Ans. The education system in India is not employment oriented. There is too much emphasis on general education rather than vocational education. More employment exchange offices should be opened in the country. Though these employment exchanges will not directly provide employment, they will be of great assistance in directing the educated job seekers to the possible areas of employment.
14. Can you imagine some village which initially had no job opportunity but later came up with many?

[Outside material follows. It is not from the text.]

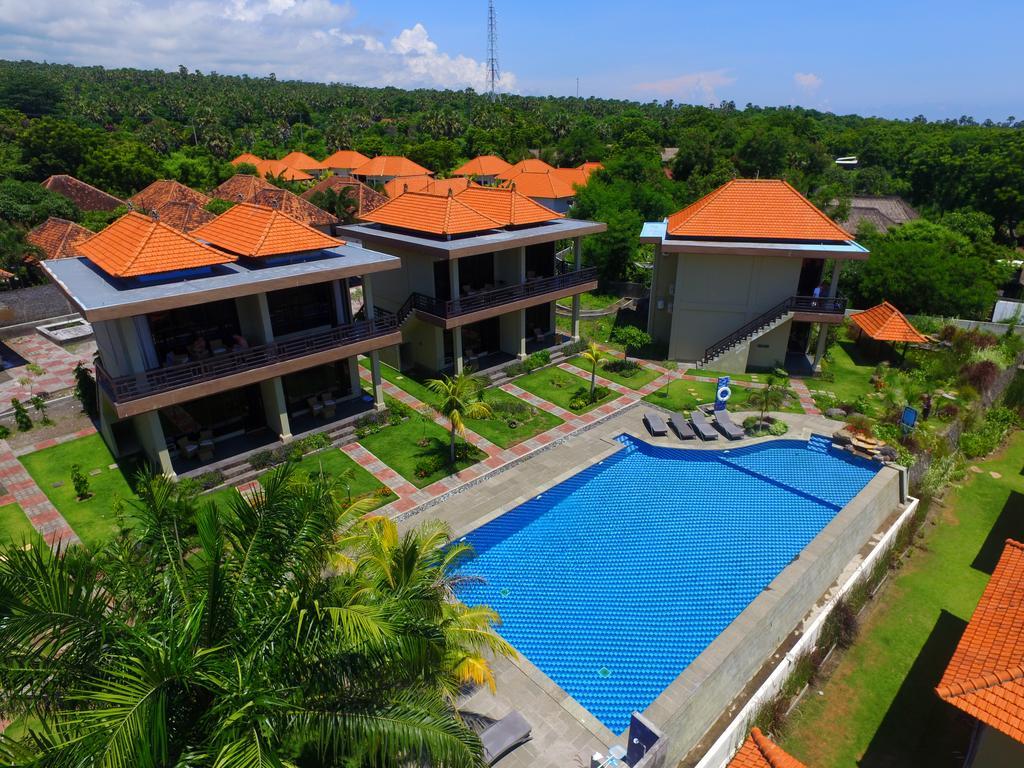 Ocean View Tulamben Dive & Resort Extérieur photo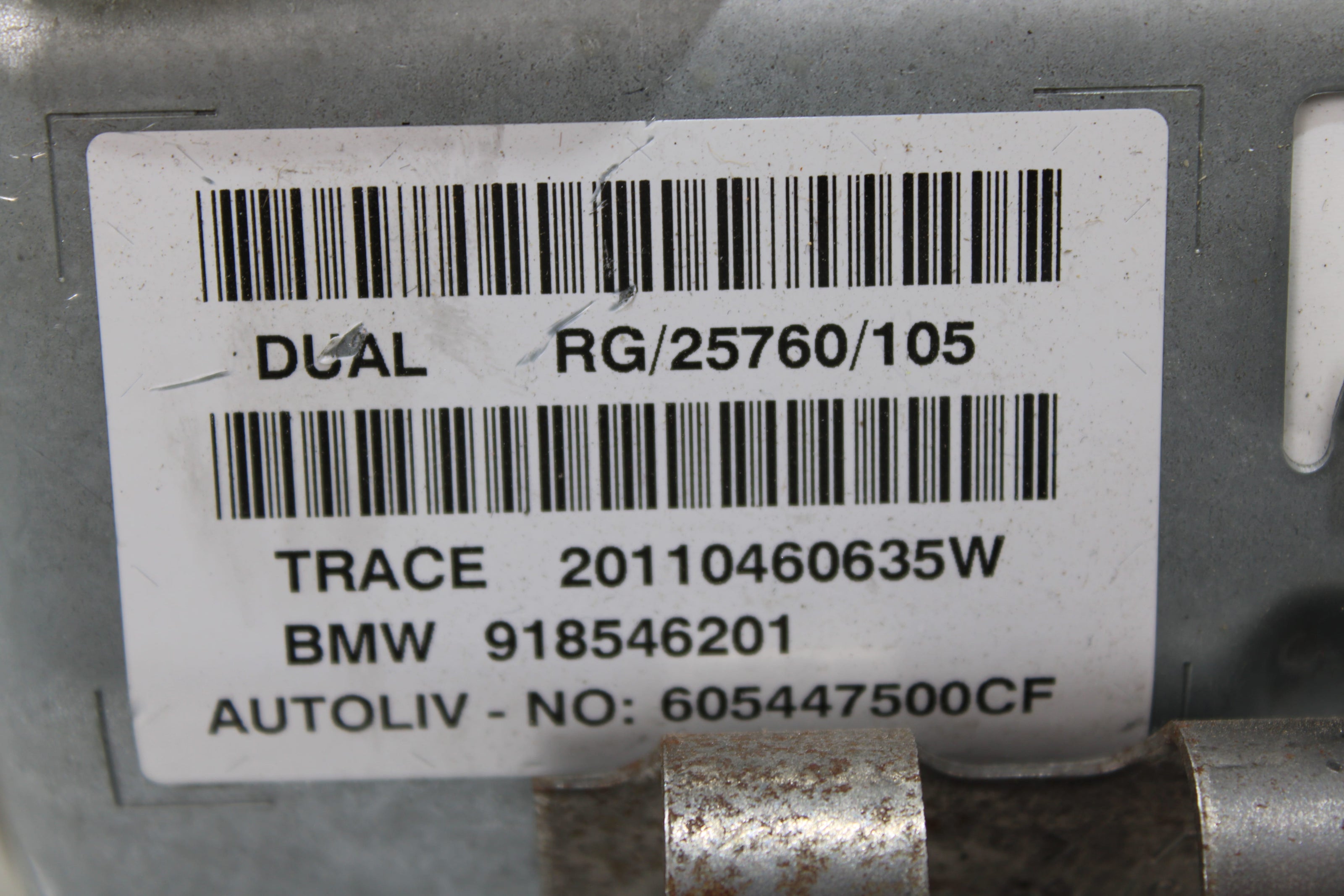 OEM Mini Dashboard Airbag – Fits Cooper (2007–2015) – Part 918546201 - Mini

Ans. We can imagine a village inhabited by several families. Initially, the village was self-reliant in the sense that each family produced all goods to meet the needs of its members. But later, it came up with many job opportunities. One of the families decided to send one of its sons to an agriculture college. After completing his education, he became an agro-engineer in the village. Inspired by this, all the families of the village requested the panchayat to open a school in the village. The panchayat opened a school with the help of the government and a teacher was recruited for the school. After some time, one of the families sent its daughter for training in tailoring. After getting the necessary training, she started stitching clothes for the villagers. Thus, there was another job – that of a tailor in the village. In this way, various job types were created in the village.
15. Which capital would you consider the best — land, labour, physical capital and human capital? Why?
Ans. The effective use of physical capital only depends upon human capital. Human capital makes use of the other resources like land, labour and physical capital to produce an output. The other resources cannot become useful on their own. Hence, human capital may well be considered the best among all the resources.